1 Haziran 2017 Perşembe

Ceng 795 / Raytacer Part 9

PART 9 Global Illumination


I finally finished my monte carlo path tracer implementation. Here are the results.





 Note: For sponza scene, I coult not get the best result with many sampels in a high resolution. I will post the better one as soon as possible.

14 Mayıs 2017 Pazar

Ceng 795 / Raytacer Part 8

PART 8 Bump Mapping


This weekend, as a part of the homework, I added different brdf specular implementations to my ray tracer. Here are the different brdf models :

BlinnPhong Modified 


--------------------------------------------
BlinnPhong Modified Normalized



--------------------------------------------
BlinnPhong Original



--------------------------------------------
Phong Modified


--------------------------------------------
Phong Modified Normalized



--------------------------------------------
Phong Original


26 Nisan 2017 Çarşamba

Ceng 795 / Raytacer Part 6

PART 6 Directional lights, textures and sampling

I have completed the fifth part of the ray tracer project . Currently my ray tracer suppoprts directional lights, textures, spherical uv's , bilinear and nearest filtering and perlin noise.













Timings


ellipsoids_texture: 0.29 secs
killeroo_diffuse_specular_texture: 8.34  secs
perlin_types : 1.16 secs
simple_texture : 0.15 secs
skybox : 55 secs
sphere_texture_blend_bilinear: 0.19 secs
sphere_texture_replace_bilinear : 0.18 secs
sphere_texture_replace_nearest : 0.18 secs

18 Nisan 2017 Salı

Ceng 795 / Raytacer Part 5


PART 5 Multi Sampling , Area Lights & DOF


I have completed the fifth part of the ray tracer project . Currently my ray tracer suppoprts multi sampling and with the help of multi sampling, area lights and dof. Here are the results and their timings.








Timings


spheres_dof : 16.8 secs
metal_plates_area : 11  secs
glass_plates_point : 10 secs
glass_plates_area : 10 secs
dragon_spot_light_msaa : 21.26 secs
dragon_spot_light : 0.31 secs


9 Nisan 2017 Pazar

Ceng 795 / Raytacer Part 4


Previous Work

At the free weekend(the onen without homework), I impelemented 4-wide packet tracing with SSE2 instructions. At the end, dragon scene was being rendered in 100 ms in my i5 2500k cpu. I wanted to implement refraction and reflection with SSE but before that I wanted to add another improvement which I will talk about in my next blog. So this weeks implementation is not vectorized.

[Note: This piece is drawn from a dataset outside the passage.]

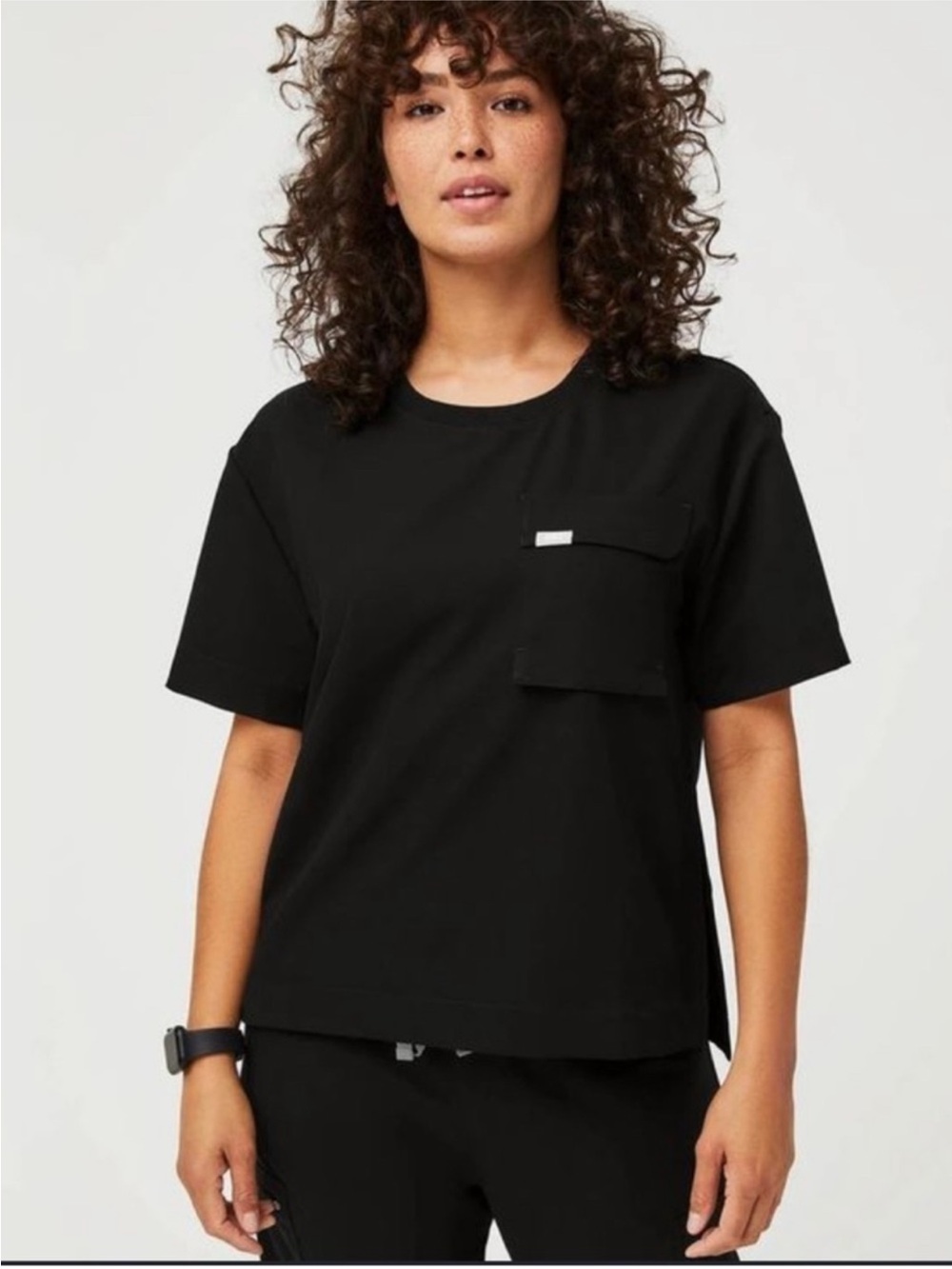 Figs Cabral relaxed crew neck scrub top black xs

PART 4 Reflections & Refractions


I have completed the fourth part of the ray tracer project . Currently my ray tracer shades with perfect mirror reflections and refractions. This part was moch more tricky than the previous ones, as the debugging is much more hard. Here are the renders for the test scenes.










Timings

CornellBox Glass : 0.21 secs
Glass Plates : 0.31 secs
Horse and Mug : 1.37 secs
Killeroo Glass : 1.35 secs
Killeroo Half Mirror : 1.68 secs
Killeroo Mirror : 1.79 secs





19 Mart 2017 Pazar

Ceng 795 / Raytacer Part 2 & 3


PART 2 Transformations & Instancing


I have commpleted the second part of the ray tracer project with the help of glm. Currently my ray tracer can render multiple copies of the same mesh without increasing the memory. I localize the ray to the space of the mesh instance. Spheres can also become elipsoid with scale matrices. Here are the results:





 The final one (instanced horse scene) has two lights with shadow and the max number of triangles. I will post the results of that scene.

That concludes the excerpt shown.